Mouloud Feraoun ne s’impose pas ni ne s’invite : il est appelé, devient nécessaire quand la douleur de l’homme a besoin de baume. On finit alors par le retrouver au coin du feu, à une table de café ou dans une salle de discussion. C’est précisément à l’Institut du monde arabe à Paris, le 28 septembre dernier, qu’a été organisé un débat autour du parcours exemplaire d’un des « pionniers de la littérature algérienne d’expression française », relèvera le chercheur et journaliste Lokman Younès. Un hommage annoncé comme tel, auquel le public a répondu nombreux. Ce « résistant culturel a su rendre compte des contradictions du système colonial », poursuivra Tassadit Yacine, directrice d’études à l’École des hautes études en sciences sociales. Homme de plume mais aussi de cœur et d’action, enraciné dans une « double appartenance à sa terre et à son identité », soulignera Zineb Ali-Benali, professeur de littératures francophones à l’université de Paris VIII, Feraoun s’engagera résolument pour la libération de son pays : « Il le disait clairement dans son Journal 1955-1962 », comme l’ont rappelé, à juste titre, certains intervenants dont Tahar Bekri, poète et maître de conférences à l’université Paris X.

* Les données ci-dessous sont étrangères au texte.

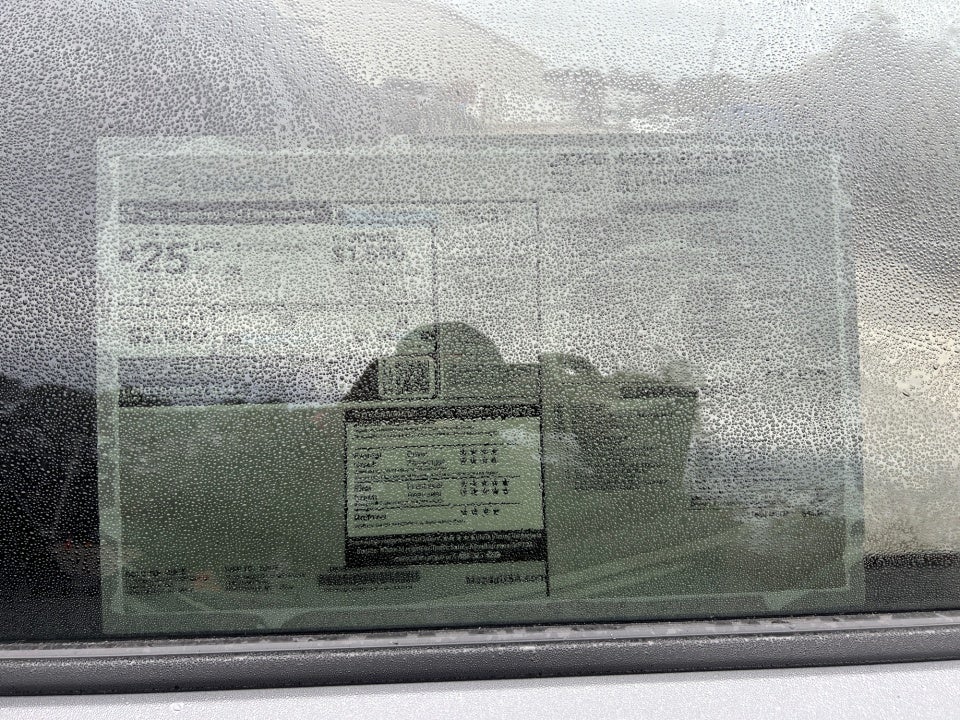 2026 Mazda Mazda CX-90 3.3 Turbo Preferred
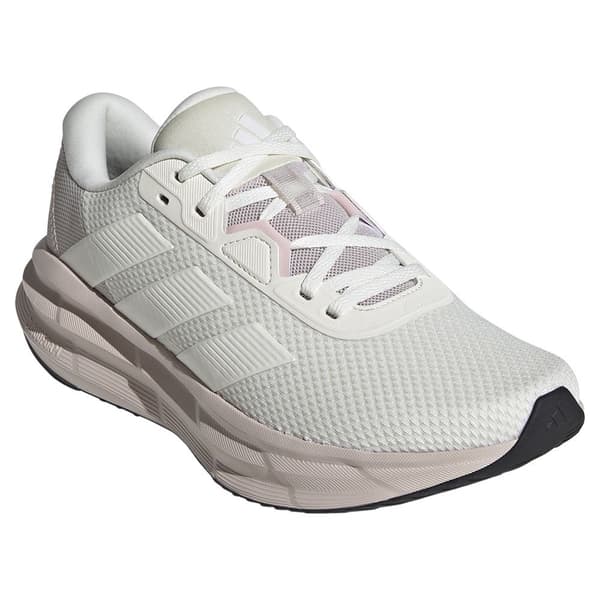 Adidas Galaxy 7 Löparskor Vit EU 43 1/3 Kvinna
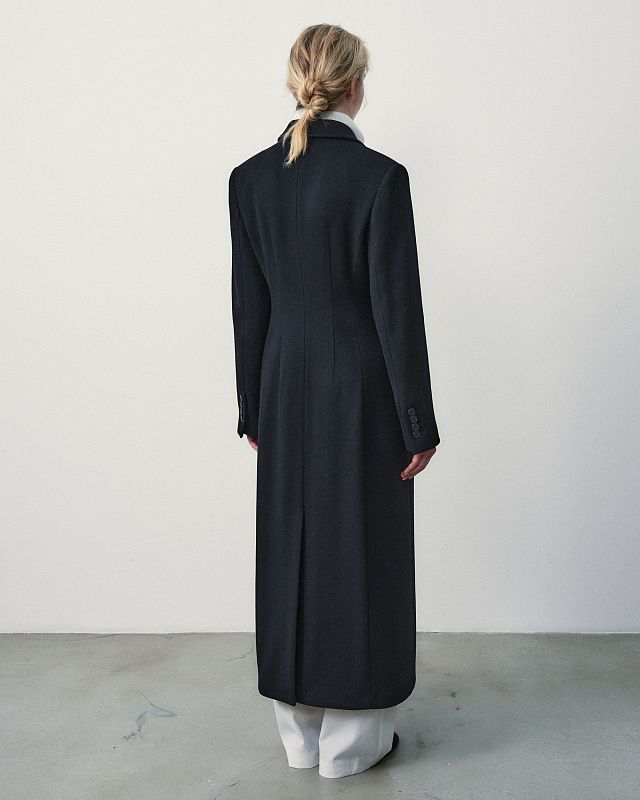 Coat, pattern №1368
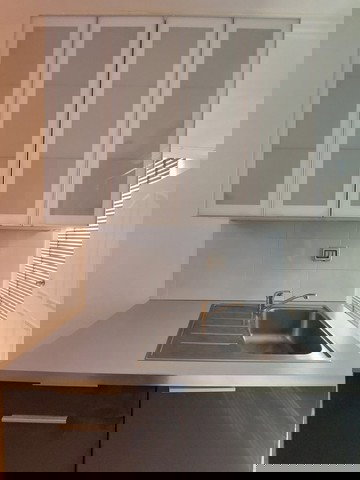 รูป ให้เช่าโฮมออฟฟิศ4ชั้น34ตรว. เลียบทางด่วนเอกมัย-รามอินทรา แยกประชาอุทิศ - รูปที่ 10/22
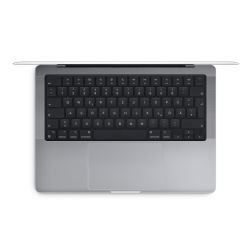 Foils for Laptops matt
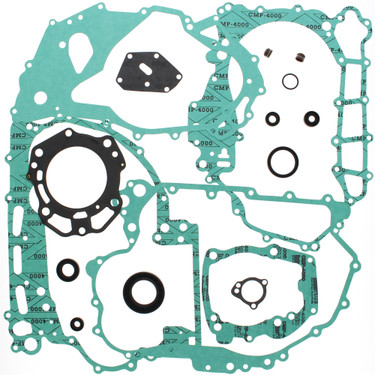 Vertex Gasket Set with Oil Seals 811854 for Can-Am Traxter 500 99 00 01 02 03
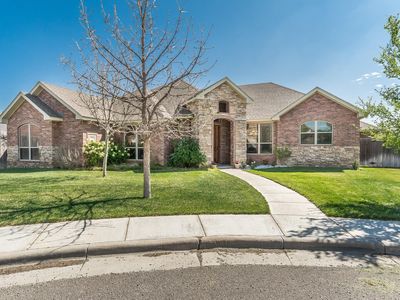 5401 Walesa Ct, Amarillo, TX, 79119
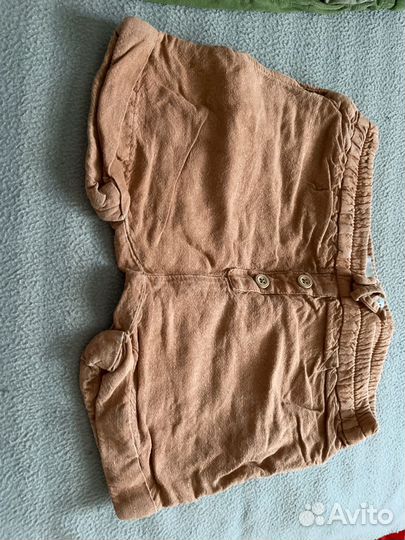 Шорты детские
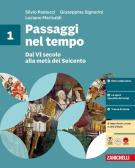 libro di Storia per la classe 1 F della Sec I Grado G  Nicotera di Lamezia Terme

Dans la salle, l’émotion sera vive à la relecture théâtralisée du Fils du pauvre, le premier roman de l’écrivain, avec au micro le poète et homme de théâtre Yves Letourneur. Ses textes n’ont pas pris une ride, ils échappent au temps, donnent une leçon de vie, dénoncent la bêtise humaine avec une justesse remarquable, ce qui confère à la conception de Feraoun son universalité. Le 15 mars 1962, quatre jours avant la signature des accords d’Évian, il sera assassiné par l’OAS.
Des clubs Fouroulou
Occasion a été également donnée ce 28 septembre de parler de la fondation qui porte son nom. Et plus : fondation Mouloud-Feraoun pour la culture et l’éducation*. Deux termes chers à celui qui s’engagea avec l’ethnologue Germaine Tillon aux centres sociaux auprès des Algériens démunis et analphabètes, immense majorité à l’époque. Cette fondation s’emploie à perpétuer la pensée de l’écrivain, explique son président Ali Feraoun, « notamment par la diffusion de ses œuvres littéraires et pédagogiques, la vulgarisation auprès des jeunes des valeurs humanistes qui sont exprimées par ses ouvrages ». Elle a mis en place des clubs de lecture et d’écriture appelés clubs Fouroulou, du nom du personnage autobiographique du Fils du pauvre, au sein desquels les jeunes apprennent à aimer la lecture et l’écriture. Une revue également intitulée Fouroulou, consacrée à l’écrivain et traitant de l’actualité culturelle, a vu le jour.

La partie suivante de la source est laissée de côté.